Originally published in The Miami Herald on Monday, 728/03
offers insight into the management style of Elvis' Colonel
The Colonel: The Extraordinary Story of Colonel Tom Parker and Elvis Presley. Alanna Nash. Simon & Schuster. 416 pages. $25
Several years back, I had a brainstorm; so I wrote up a proposal for a book, The Management Secrets of Brian Epstein and Colonel Tom Parker. How could I lose? After all, The Beatles and Elvis were the biggest entertainment acts in history, and I could surely glean a few relevant chestnuts from their (deceased) managers' experiences to spin into a pop biz book. Instant bestseller!
A consultation was set up with a very big agent who quickly brought me back down to earth and suggested (among many other things) that maybe these two guys' careers weren't the greatest templates for business success.
As I revised, then abandoned, the proposal, I realized that in many ways these artists probably succeeded in spite of these two supposed management masterminds! Epstein, for example, gave the Fab Four's merchandising rights away to a casual acquaintance for a pittance, costing him and his unknowing clients untold millions of dollars.
Then there's The Colonel. He was a carnival huckster, and that's not a euphemism or hyperbole, but an accurate description of what he was until his last days. But his story -- and how he interacted with his client and the world of business -- offers a fascinating lesson, several, in fact.

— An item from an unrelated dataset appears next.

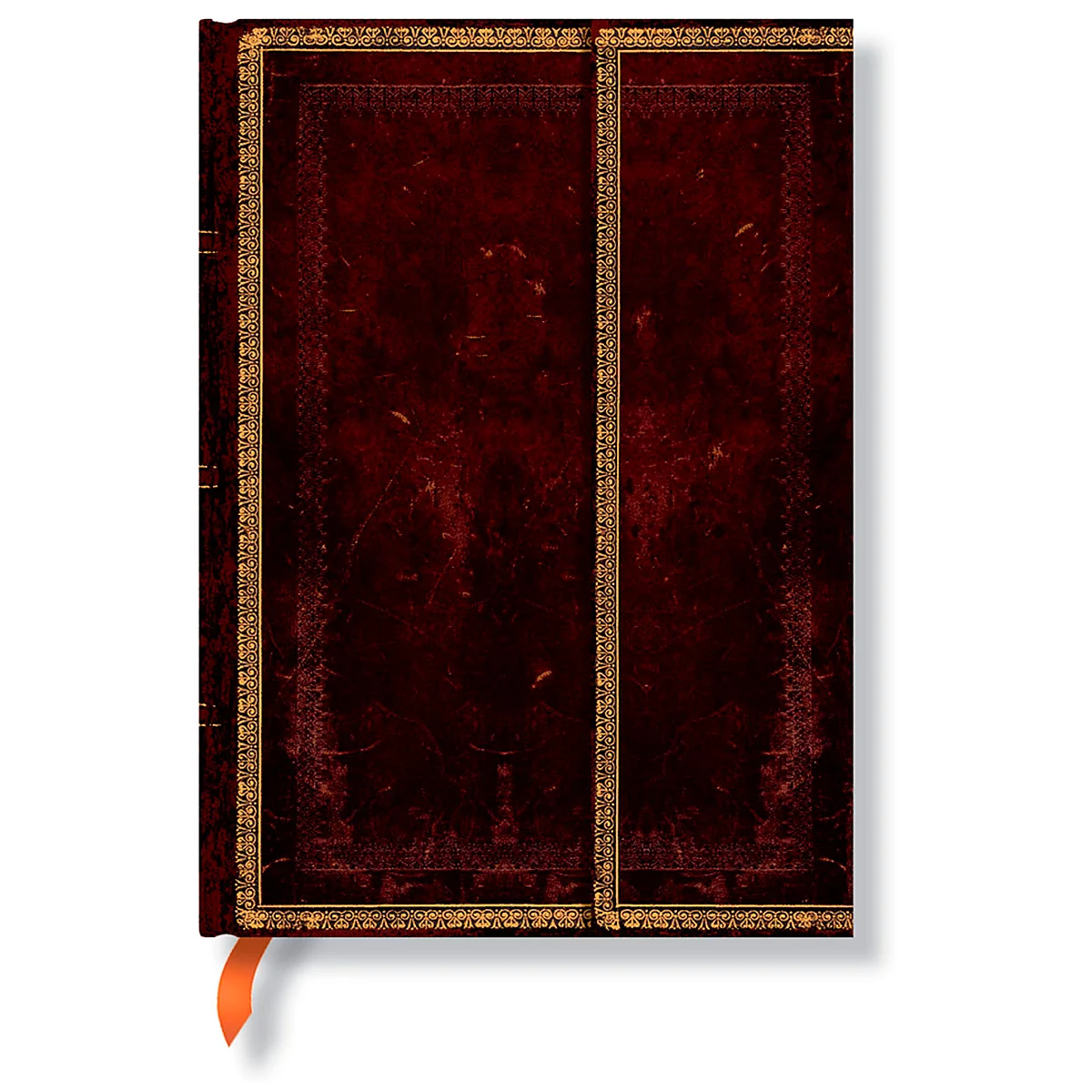 Closed, dark red leather book with a gold frame. An orange bookmark is protruding.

In this new book, journalist Alanna Nash tells the tale of the man the world knew as ''Col. Tom Parker,'' and that's where the lies begin: with his name. It has been an open secret for more than 20 years that ''Parker'' (not a colonel in any army in this world) was really Andreas Cornelis van Kuijk, an illegal alien from The Netherlands.
The Colonel's immigration status may have been the reason that he never allowed Elvis to tour outside of the United States. It could also explain why Parker never visited his charge during Elvis' celebrated two-year hitch in the U.S. Army. But Nash posits a bigger, darker reason for the fake Colonel's fear of transoceanic flying: He had committed murder in his native Holland and lived in mortal terror of being discovered.

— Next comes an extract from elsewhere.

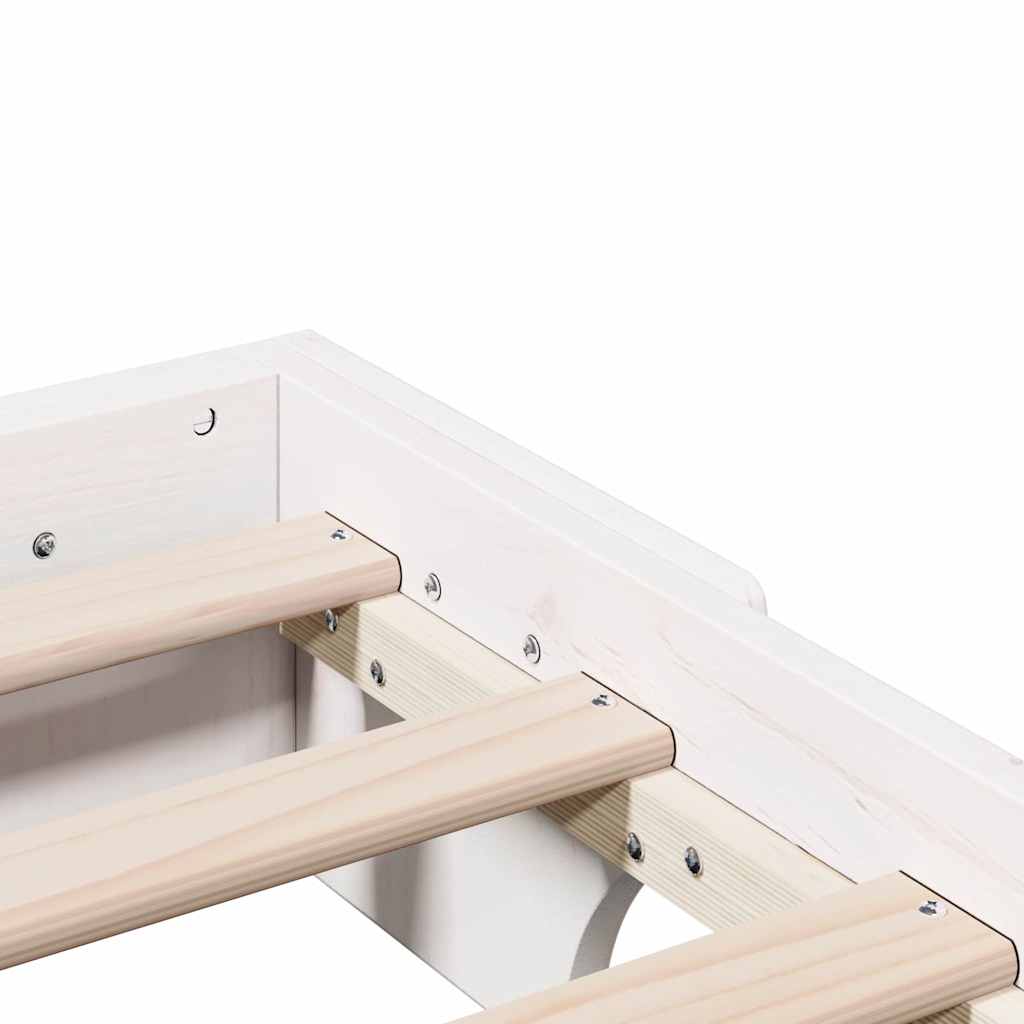 Bed Frame White 100 x 200 cm Solid pine wood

He also possessed a thoroughly autocratic management style, which effectively killed Presley's chances for diverging from the former carnie's exploitative formula for success. And despite the huge sums Elvis earned, Parker demanded tribute -- payment beyond even his admittedly exorbitant fees and commissions -- from anyone who wanted to do business with him.
The manager also had an interesting view of his role; when a journalist asked if it were true that he took 50 percent of his client's earnings as a commission (a typical percentage is 15 percent), Parker replied, ``That's not true at all. He takes fifty percent of everything I earn.''
It's all a very fascinating story, and Nash's diligent research keeps her narrative as far away as possible from supermarket-tabloid territory. For business people, she provides a vivid illustration of the notion that talent can be just as easily mismanaged as it can be handled correctly -- and often more profitably, at least in the short term.
In the absence of each of their handler's flawed guidance, perhaps The Beatles might have been relegated to England's cabaret circuit, and Presley might have continued to drive a truck in Memphis, but maybe not. After all, in business, sometimes the best move of all is the one that you never make.